PURPOSE: This phase I trial is studying the side effects and best dose of radiolabeled monoclonal antibody therapy when given after radiation therapy and combination chemotherapy in treating patients with stages I-IIIB non-small cell lung cancer.
PRIMARY OBJECTIVES: I. To determine the maximum tolerated dose (MTD) and associated toxicities of intravenous yttrium-90 (90Y) chimeric T84.66 (cT84.66) anti-carcinoembryonic antigen (CEA) antibody targeted radiotherapy delivered after carboplatin/paclitaxel or cisplatin/etoposide and external beam radiotherapy in patients with CEA positive stage III unresectable or medically inoperable non-small cell lung cancer.
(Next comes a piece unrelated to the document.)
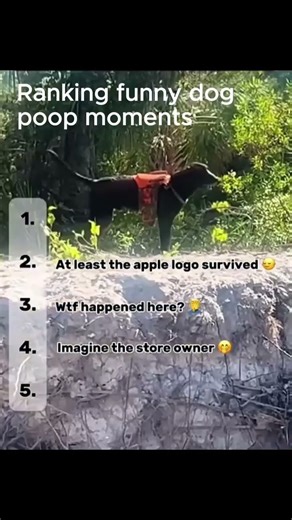 Ranking funny dog poop moments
SECONDARY OBJECTIVES: I. To collect data on the biodistribution, clearance and metabolism of 90Y (yttrium-90) and 111In (indium-111) chimeric T84.66 administered intravenously. II. To collect data on radiation doses to whole body, normal organs, and tumor through serial nuclear imaging.
OUTLINE: This is a dose-escalation study of yttrium Y 90 anti-CEA monoclonal antibody cT84.66.
CHEMORADIOTHERAPY: Patients undergo external beam radiation therapy 5 days a week for 45 days. Beginning within 24 hours of the start of radiation therapy, patients receive paclitaxel intravenously (IV) over 1 hour and carboplatin IV over 30 minutes on days 1, 8, 15, 22, 29, and 36 OR cisplatin IV over 60 minutes on days 1, 8, 29, and 36 and etoposide IV over 60 minutes on days 1-5 and 29-33.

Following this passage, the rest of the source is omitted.